Place your order

Fill in the order form and provide all details of your assignment.

Proceed with the payment

Choose the payment system that suits you most.

Receive the final file

Once your paper is ready, we will email it to you.

Learning Goal: I’m working on a databases exercise and need an explanation and a

by | Apr 26, 2022 | Databases | 0 comments

GET HELP WITH YOUR ESSAY

If you need assistance with writing your essay, our professional Essay Writing Service is here to help!

DISCOUNT CODE FIRST25

ORDER THIS OR A SIMILAR PAPER NOW

Learning Goal: I’m working on a databases exercise and need an explanation and answer to help me learn.Hey there, all the requirements in here.Answer these questions using Spark code. Submit your code (in a py file) and the answers to the questions (in a text file). The answers should use the full dataset, not the small dataset.
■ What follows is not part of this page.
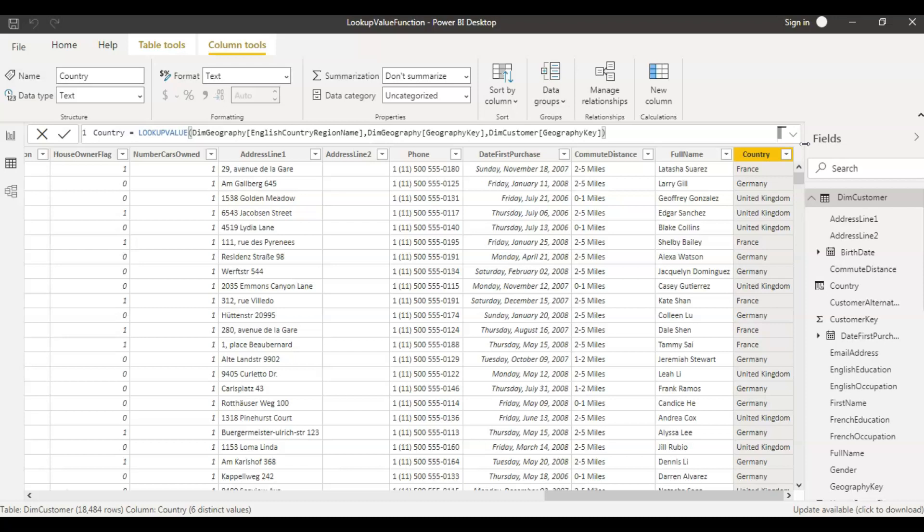This is the second use case for the LOOKUPVALUE function, and this is the most commonly used one as well. I hope now you understand what the LOOKUPVALUE function is and how to use it. If you have any questions, please ask them in the comment section below. If you like this video, please don't forget to hit the like button. If you haven't subscribed to my channel yet, please do subscribe — see you in the next video. Thank you.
Start with the code shown below. (Hint: for any tasks that say max/largest, don’t use sortByKey, because that’s much slower than a better option.)Which day had the largest number of installed drives, and what was this number?
How many distinct drives (by model+serial) are installed (i.e., that exist in the data) in each year?
What’s the max drive capacity per year?
Full dataset: change the file path to: file:///ssd/data/backblaze.csv (146 million rows) – my solution took 17minRun spark like this: spark-submit backblaze-spark.py –master=local[5]Or to hide log messages: spark-submit backblaze-spark.py –master=local[5] 2> /dev/nullStarting code with some examples that you can remove:from pyspark.sql import SparkSessionspark = SparkSession.builder.appName(“Backblaze”).getOrCreate()schema = “day DATE, serial STRING, model STRING, capacity LONG, failure INTEGER”d = spark.read.schema(schema).load(“file:///home/jeckroth/cinf201/spark/assignment/small-backblaze.csv”, format=”csv”, sep=”,”, header=”true”)d = d.rdd# print first 10 rowsprint(d.take(10))## How many failures occurred each year?# make key (year) & value (failure 0/1)d2 = d.map(lambda row: (row.day.year, row.failure))# add up failures per yearfailureCounts = d2.reduceByKey(lambda cnt, rowcnt: cnt + rowcnt)print(failureCounts.collect())## Which model (not serial number) has the most failures overall?# grab model & failure from data, model is the keyd3 = d.map(lambda row: (row.model, row.failure))# count failures for that model; result so far: [(modelX, 55), (modelY, 2100)]d3 = d3.reduceByKey(lambda cnt, rowcnt: cnt + rowcnt)# flip keys and values; result so far: [(55, modelX), (2100, modelY)]d3 = d3.map(lambda pair: (pair[1], pair[0]))# sort by value (second in the pair)d3 = d3.sortByKey(ascending=False) ### NOT EFFICIENT TECHNIQUEprint(d3.collect())

GET HELP WITH YOUR ESSAY

If you need assistance with writing your essay, our professional Essay Writing Service is here to help!

DISCOUNT CODE FIRST25

ORDER THIS OR A SIMILAR PAPER NOW

How It Works

b

Tell us about your homework assignment.

~

Securely pay for your academic paper

j

Paper gets assigned to an expert tutor

Receive the complete paper via email

Team up With Your Own Writing Expert Now

Stuck with overwhelming assignments? We will take care of all your writing tasks.